Store cards are a rich trove for epidemiologists, who often are trying to track down suspect food a month or so after it was consumed because of the lag between when an illness strikes and when it gets reported, said Bill Keene, a senior epidemiologist with the Oregon Public Health Division. His state has been a leader in using shopper card data, along with Minnesota, but others are joining in, Keene said.
“We rely on people’s memories, which are quite fallible, and on our interviews, which are quite fallible,” Keene told NBC News. “Shopper club cards are a good source of finding out what people ate.”
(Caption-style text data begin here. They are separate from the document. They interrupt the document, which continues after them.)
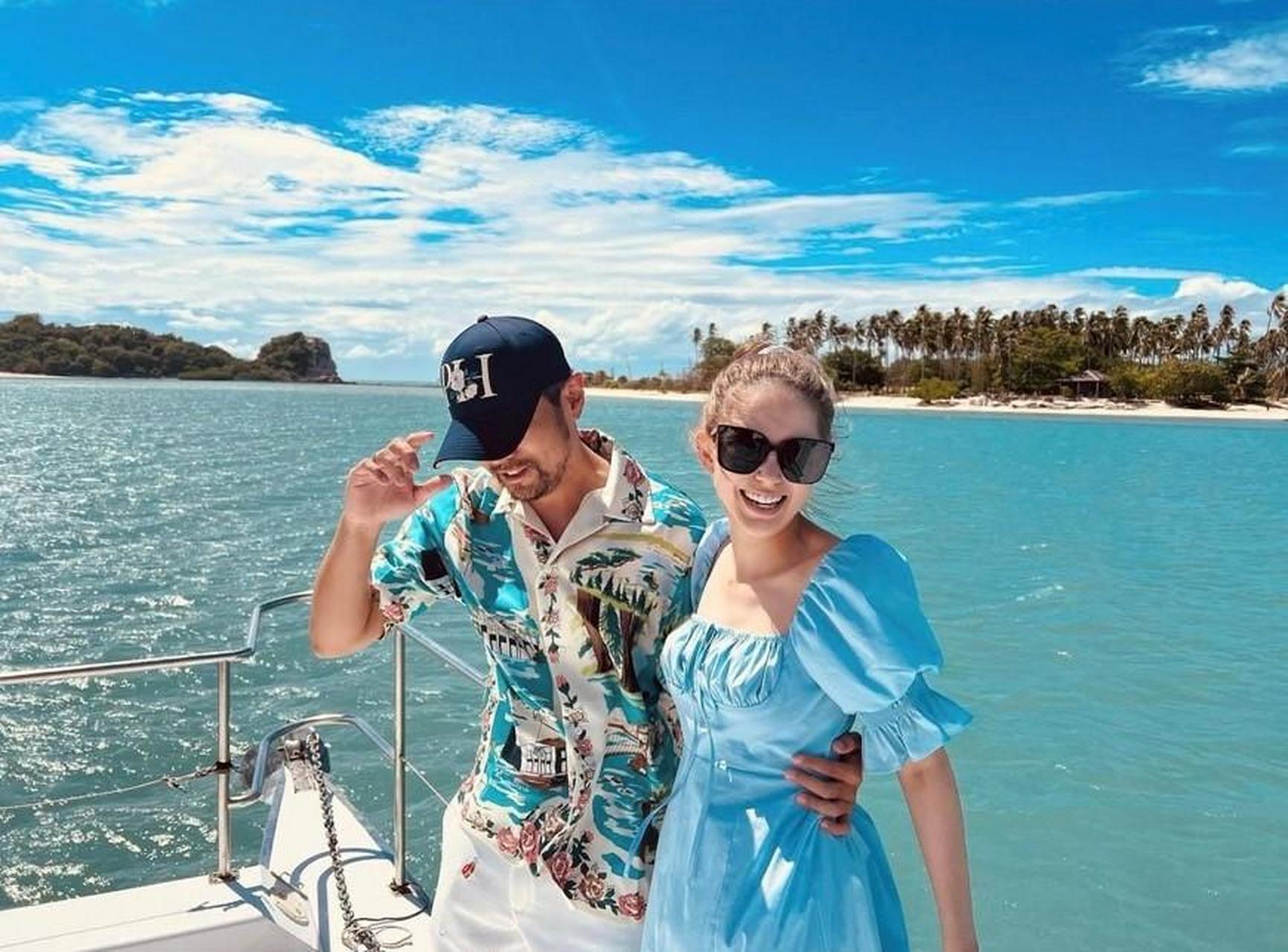 昆凌与周杰伦结婚八年育有三个宝贝孩子,成就一家五口的幸福生活,12日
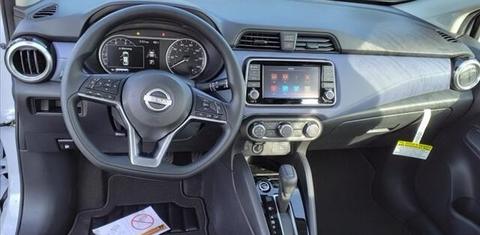 Nissan Versa 2024
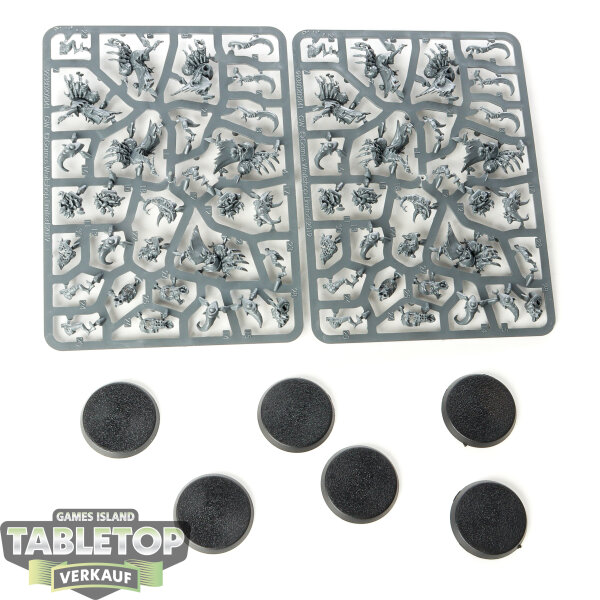 Gloomspite Gitz - 6x Sneaky Snufflers - im Gussrahmen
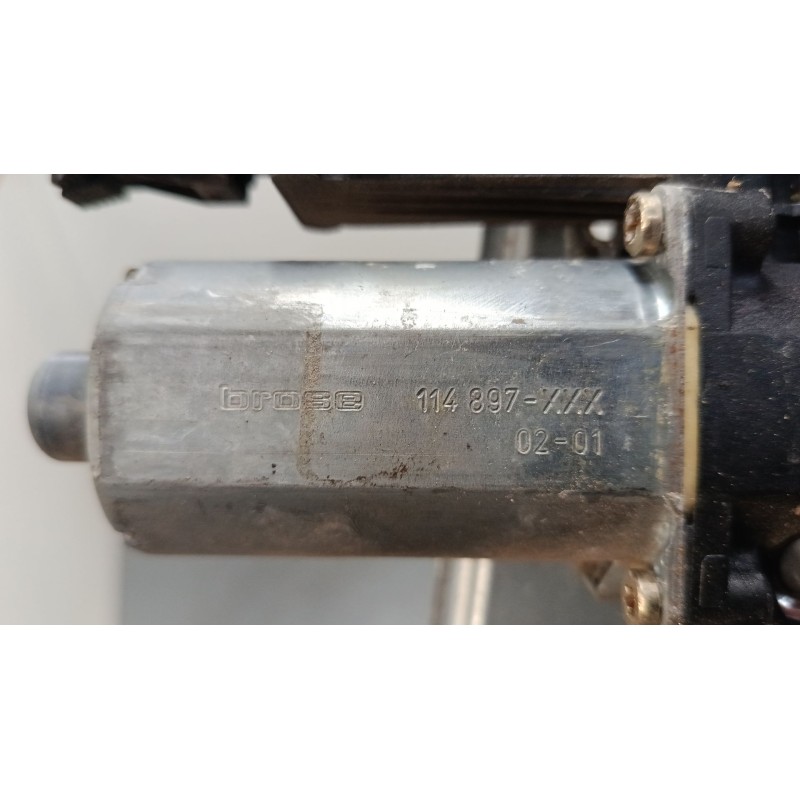 Recambio de elevalunas electrico trasero derecho para mercedes-benz clase a (w168) a 160 (168.033, 168.133) referencia OEM IAM 1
Costco has been notifying consumers about food and other products recalls for safety reasons since the late 1990s, said Craig Wilson, the company’s vice president for food safety and quality assurance. But now, they’re being called on by public health officials at every level.
“It happens a couple times a week,” said Wilson. “It’s getting to be more of a norm.”
But it’s not always easy, Keene says. Stores provide data only with the permission — usually written consent — of the consumer and a verified shopper card or membership number. And disclosure rules vary from state to state, making some information more difficult to obtain.
“We won’t just release data,” said Wilson.
Health officials like Keene say they safeguard the data carefully and use it only as a tool to keep more people from getting sick.
“We are the government, but we aren’t that part of the government,” he said. “We’re the good guys.”